Exercise objective: Keep the pictures out of the copy and repeat the records exactly.

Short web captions
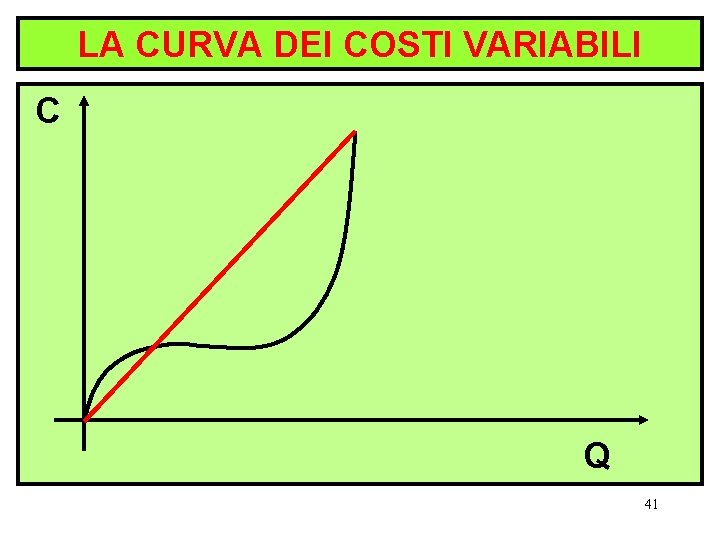 LA CURVA DEI COSTI VARIABILI C Q 41 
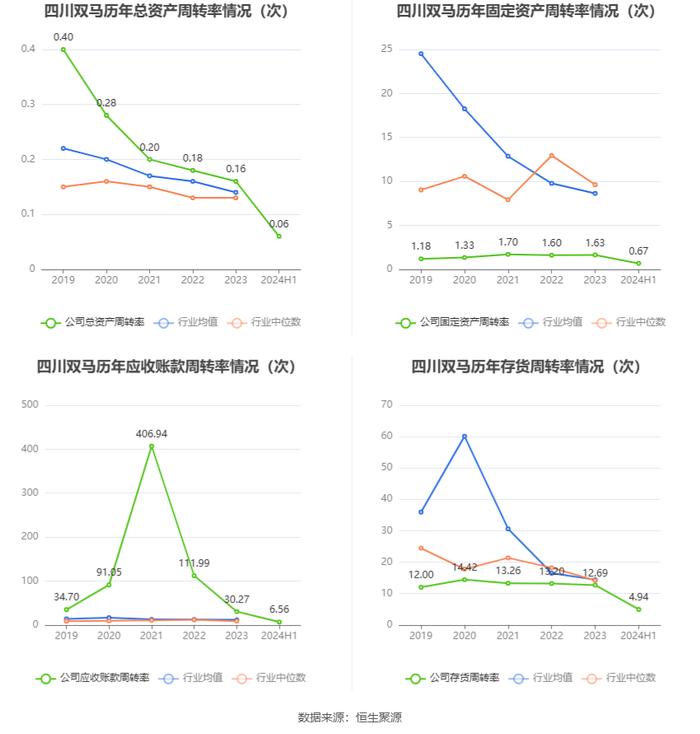 四川双马：2024年上半年实现营业收入4.82亿元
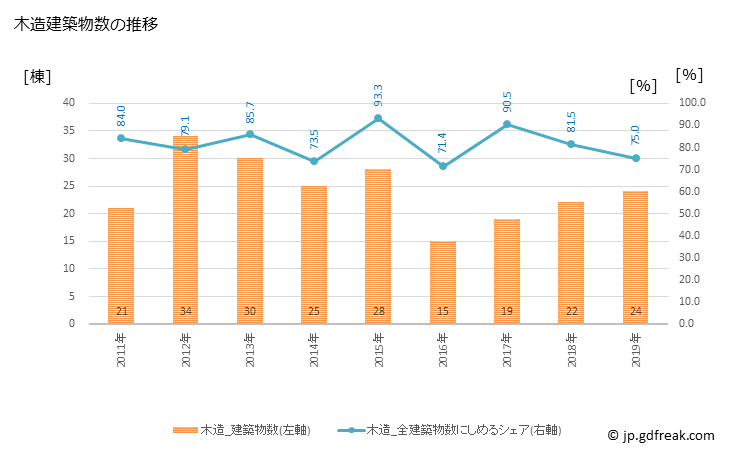 グラフ 年次 平泉町(ﾋﾗｲｽﾞﾐﾁｮｳ 岩手県)の建築着工の動向 木造建築物数の推移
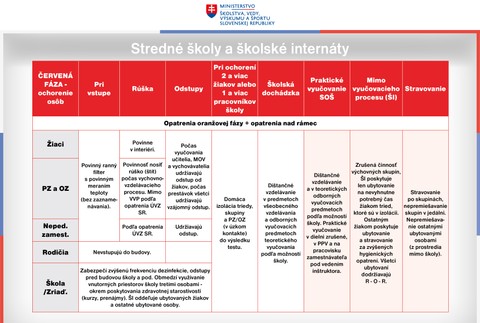 Manuál pre stredné školy za rok 2020/2021.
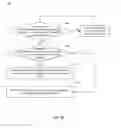 Fig. 06 - Method and apparatus for providing network resources at intermediary server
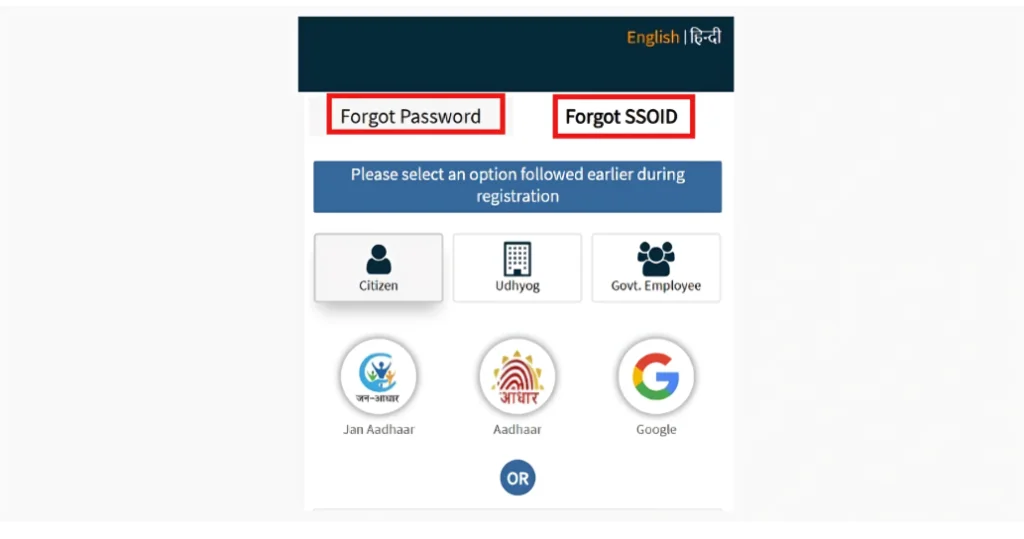 Forgot SSO ID Recovery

Exercise output:
 LA CURVA DEI COSTI VARIABILI C Q 41 
 四川双马：2024年上半年实现营业收入4.82亿元
 グラフ 年次 平泉町(ﾋﾗｲｽﾞﾐﾁｮｳ 岩手県)の建築着工の動向 木造建築物数の推移
 Manuál pre stredné školy za rok 2020/2021.
 Fig. 06 - Method and apparatus for providing network resources at intermediary server
 Forgot SSO ID Recovery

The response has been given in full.